Donnerstag, 8. Oktober 2015
Facebook-Schnipsel
Horst Seehofer und die "Herrschaft des Unrechts"
"Wir haben im Moment keinen Zustand von Recht und Ordnung. Es ist eine Herrschaft des Unrechts." So spricht der Parteivorsitzende einer Partei, die auch weiterhin wenig Probleme damit haben wird, als Koalitionspartner an der Regierung beteiligt zu sein, die die Herrschaft des Unrechts implementiert. Seehofer verurteilt, was er (als Chef einer Regierungspartei) selber repräsentiert. Die Klinische Psychologie kennt hierfür den Begriff der Dissoziation – eine Trennung von im Normalfall verbundenen Wahrnehmungs- und Gedächtnisinhalten. Die Folge ist eine Störung der integrativen Funktionen des Bewusstseins und der Identität.

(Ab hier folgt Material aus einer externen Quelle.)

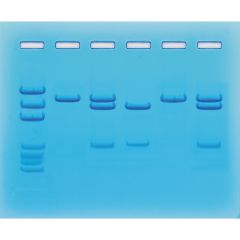 COVID-19 Testung mittels PCR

Antidiskriminierung und Hausrecht
Bei gewerblichen Betrieben darf es aus meiner Sicht anders als im Privathaushalt keine formelle Diskriminierung geben. Formelle Diskriminierung bedeutet, Menschen aufgrund bestimmter Merkmale oder auch aufgrund eines nicht näher bestimmten Gesamteindrucks den Zutritt zu verwehren. Öffentliches Interesse an Nichtdiskriminierung ist höher zu gewichten als das Hausrecht des Gewerbetreibenden. Zulässig hingegen ist informelle Diskriminierung etwa über Preise, Kleiderordnung oder sonstige Verhaltenskultur. Entscheidend ist, dass hier der Gast selber entscheidet, ob er/sie unter den gegebenen Bedingungen teilnehmen möchte.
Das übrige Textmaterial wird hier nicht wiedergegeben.